Assignment – Could the lines from the line bearing "Ammo Slow Dry" to the end of the records below be copied exactly, with the pictures left out and no other lines added?

───── Raw data ─────

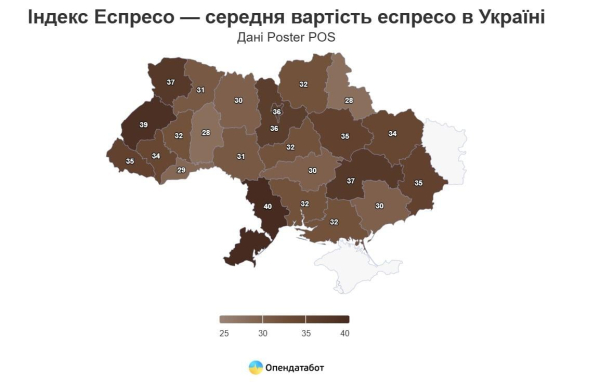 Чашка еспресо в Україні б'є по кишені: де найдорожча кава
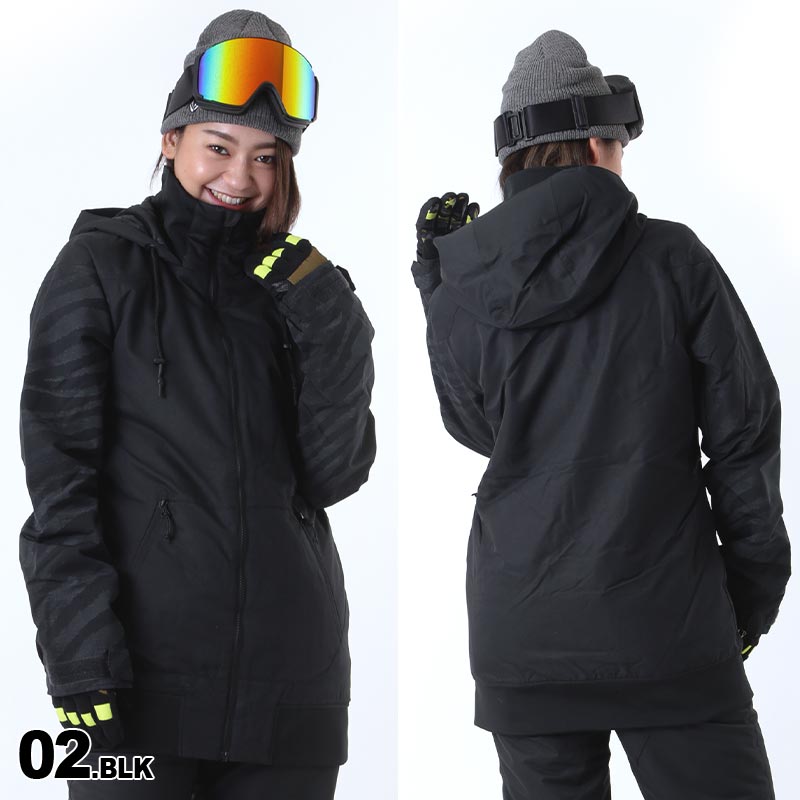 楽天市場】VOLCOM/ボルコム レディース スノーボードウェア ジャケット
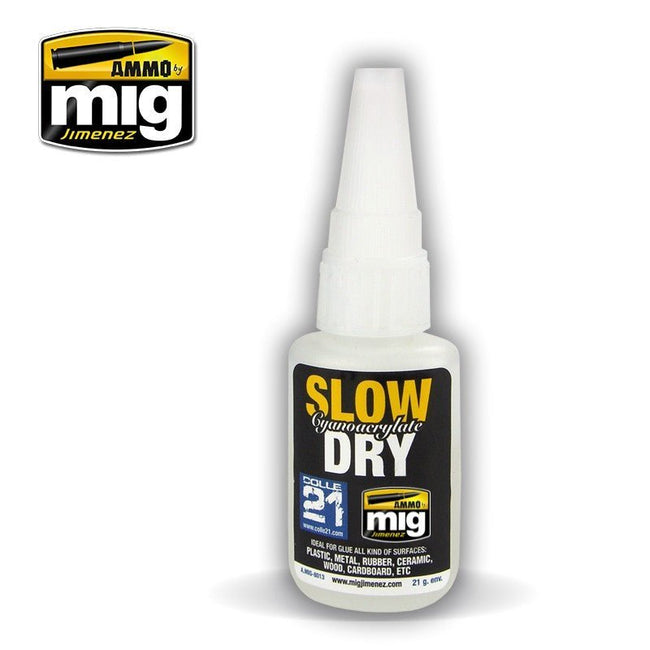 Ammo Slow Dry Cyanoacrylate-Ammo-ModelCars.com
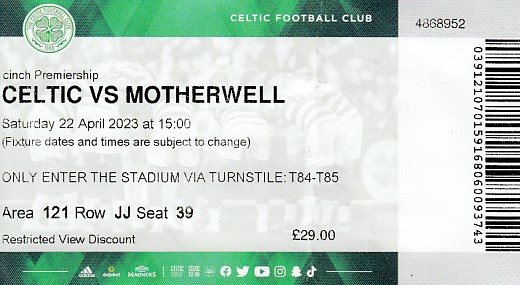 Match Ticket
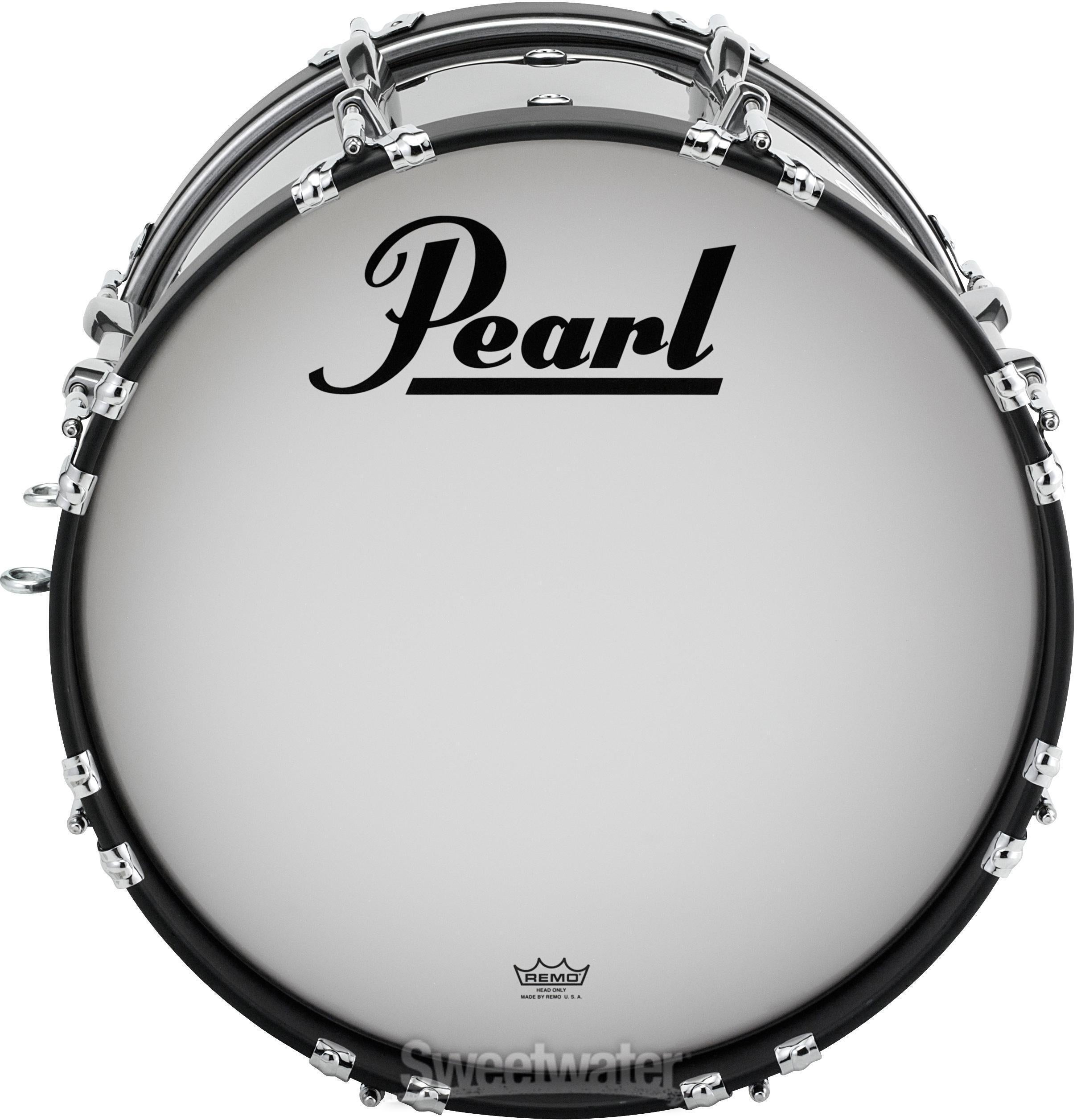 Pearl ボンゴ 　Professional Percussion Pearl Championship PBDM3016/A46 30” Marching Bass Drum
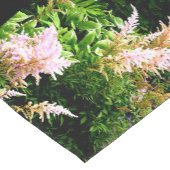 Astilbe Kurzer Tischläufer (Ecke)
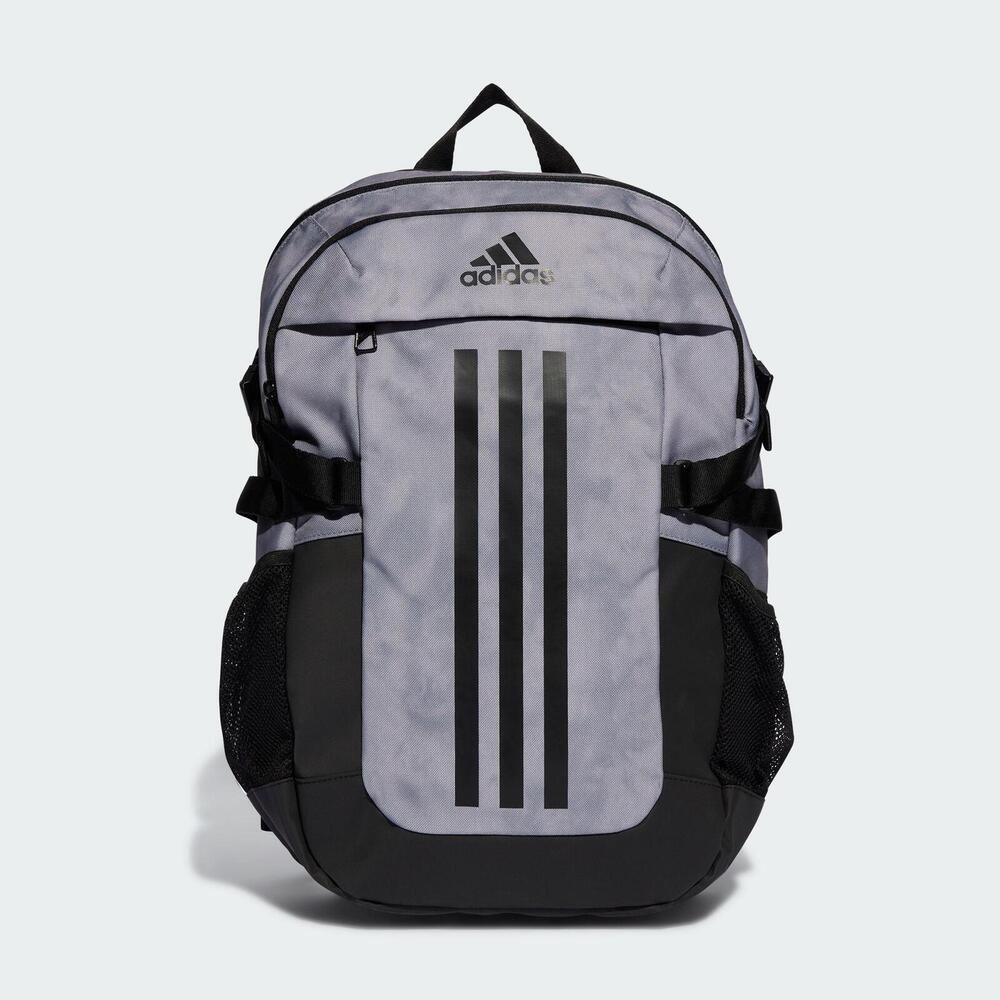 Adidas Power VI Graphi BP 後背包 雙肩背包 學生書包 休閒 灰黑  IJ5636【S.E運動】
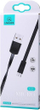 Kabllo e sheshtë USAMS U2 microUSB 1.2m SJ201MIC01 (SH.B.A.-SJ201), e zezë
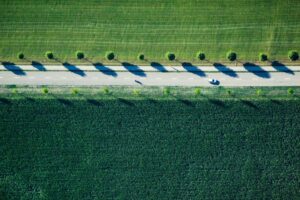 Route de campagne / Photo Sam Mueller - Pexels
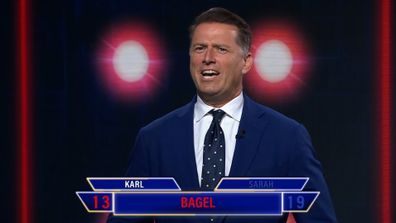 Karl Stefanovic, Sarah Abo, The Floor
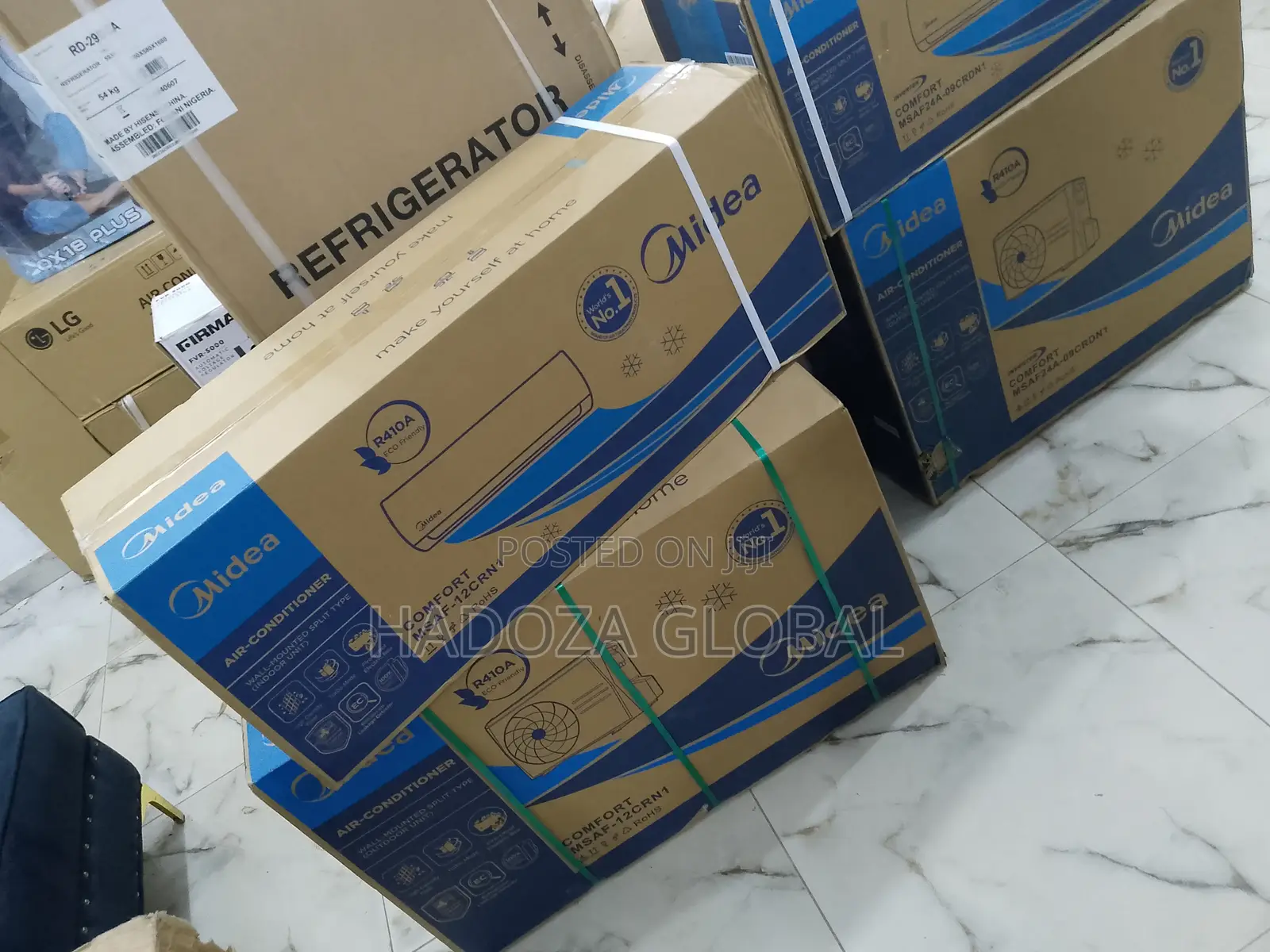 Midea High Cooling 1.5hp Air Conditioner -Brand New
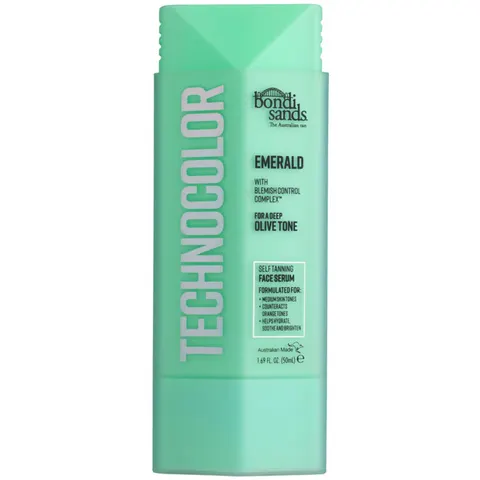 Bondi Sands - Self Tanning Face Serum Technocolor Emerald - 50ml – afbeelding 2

─────

Exercise solution –
 Ammo Slow Dry Cyanoacrylate-Ammo-ModelCars.com
 Match Ticket
 Pearl ボンゴ 　Professional Percussion Pearl Championship PBDM3016/A46 30” Marching Bass Drum
 Astilbe Kurzer Tischläufer (Ecke)
 Adidas Power VI Graphi BP 後背包 雙肩背包 學生書包 休閒 灰黑  IJ5636【S.E運動】
 Kabllo e sheshtë USAMS U2 microUSB 1.2m SJ201MIC01 (SH.B.A.-SJ201), e zezë
 Route de campagne / Photo Sam Mueller - Pexels
 Karl Stefanovic, Sarah Abo, The Floor
 Midea High Cooling 1.5hp Air Conditioner -Brand New
 Bondi Sands - Self Tanning Face Serum Technocolor Emerald - 50ml – afbeelding 2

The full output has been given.